--- WHAT TO WORK ON ---
Please repeat all of the listing exactly.

_____

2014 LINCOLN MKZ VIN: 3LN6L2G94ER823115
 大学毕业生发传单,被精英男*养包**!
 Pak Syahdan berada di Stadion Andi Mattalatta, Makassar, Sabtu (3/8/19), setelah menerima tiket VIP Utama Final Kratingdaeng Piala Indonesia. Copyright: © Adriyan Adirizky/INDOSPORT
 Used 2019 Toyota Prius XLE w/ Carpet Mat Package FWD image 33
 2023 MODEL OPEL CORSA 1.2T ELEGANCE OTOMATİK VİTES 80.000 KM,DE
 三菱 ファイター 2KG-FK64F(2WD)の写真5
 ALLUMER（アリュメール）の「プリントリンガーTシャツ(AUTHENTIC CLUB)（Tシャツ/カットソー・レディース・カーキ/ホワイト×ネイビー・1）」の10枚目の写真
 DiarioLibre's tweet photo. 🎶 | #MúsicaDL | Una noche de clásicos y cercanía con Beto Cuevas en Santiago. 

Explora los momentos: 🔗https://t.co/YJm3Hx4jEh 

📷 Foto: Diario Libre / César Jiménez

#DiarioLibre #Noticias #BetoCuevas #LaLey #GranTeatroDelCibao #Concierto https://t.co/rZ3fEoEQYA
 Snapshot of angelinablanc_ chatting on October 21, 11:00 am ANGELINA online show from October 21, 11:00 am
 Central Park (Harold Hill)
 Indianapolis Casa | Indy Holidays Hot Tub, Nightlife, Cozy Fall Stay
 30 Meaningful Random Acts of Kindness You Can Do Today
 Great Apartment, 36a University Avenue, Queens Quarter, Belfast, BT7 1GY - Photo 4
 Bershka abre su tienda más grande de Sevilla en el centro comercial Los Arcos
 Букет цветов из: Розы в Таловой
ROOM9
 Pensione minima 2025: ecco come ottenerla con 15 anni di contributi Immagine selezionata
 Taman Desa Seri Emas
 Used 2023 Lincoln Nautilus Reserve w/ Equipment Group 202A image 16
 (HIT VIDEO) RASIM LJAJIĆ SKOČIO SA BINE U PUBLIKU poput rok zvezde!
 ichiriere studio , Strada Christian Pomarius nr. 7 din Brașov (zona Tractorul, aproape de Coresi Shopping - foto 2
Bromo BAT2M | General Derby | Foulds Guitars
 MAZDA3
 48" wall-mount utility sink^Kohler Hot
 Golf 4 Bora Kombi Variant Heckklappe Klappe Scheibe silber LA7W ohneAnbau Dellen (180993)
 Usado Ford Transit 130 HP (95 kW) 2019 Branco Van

_____

--- TASK OUTPUT ---
2014 LINCOLN MKZ VIN: 3LN6L2G94ER823115
 大学毕业生发传单,被精英男*养包**!
 Pak Syahdan berada di Stadion Andi Mattalatta, Makassar, Sabtu (3/8/19), setelah menerima tiket VIP Utama Final Kratingdaeng Piala Indonesia. Copyright: © Adriyan Adirizky/INDOSPORT
 Used 2019 Toyota Prius XLE w/ Carpet Mat Package FWD image 33
 2023 MODEL OPEL CORSA 1.2T ELEGANCE OTOMATİK VİTES 80.000 KM,DE
 三菱 ファイター 2KG-FK64F(2WD)の写真5
 ALLUMER（アリュメール）の「プリントリンガーTシャツ(AUTHENTIC CLUB)（Tシャツ/カットソー・レディース・カーキ/ホワイト×ネイビー・1）」の10枚目の写真
 DiarioLibre's tweet photo. 🎶 | #MúsicaDL | Una noche de clásicos y cercanía con Beto Cuevas en Santiago. 

Explora los momentos: 🔗https://t.co/YJm3Hx4jEh 

📷 Foto: Diario Libre / César Jiménez

#DiarioLibre #Noticias #BetoCuevas #LaLey #GranTeatroDelCibao #Concierto https://t.co/rZ3fEoEQYA
 Snapshot of angelinablanc_ chatting on October 21, 11:00 am ANGELINA online show from October 21, 11:00 am
 Central Park (Harold Hill)
 Indianapolis Casa | Indy Holidays Hot Tub, Nightlife, Cozy Fall Stay
 30 Meaningful Random Acts of Kindness You Can Do Today
 Great Apartment, 36a University Avenue, Queens Quarter, Belfast, BT7 1GY - Photo 4
 Bershka abre su tienda más grande de Sevilla en el centro comercial Los Arcos
 Букет цветов из: Розы в Таловой
ROOM9
 Pensione minima 2025: ecco come ottenerla con 15 anni di contributi Immagine selezionata
 Taman Desa Seri Emas
 Used 2023 Lincoln Nautilus Reserve w/ Equipment Group 202A image 16
 (HIT VIDEO) RASIM LJAJIĆ SKOČIO SA BINE U PUBLIKU poput rok zvezde!
 ichiriere studio , Strada Christian Pomarius nr. 7 din Brașov (zona Tractorul, aproape de Coresi Shopping - foto 2
Bromo BAT2M | General Derby | Foulds Guitars
 MAZDA3
 48" wall-mount utility sink^Kohler Hot
 Golf 4 Bora Kombi Variant Heckklappe Klappe Scheibe silber LA7W ohneAnbau Dellen (180993)
 Usado Ford Transit 130 HP (95 kW) 2019 Branco Van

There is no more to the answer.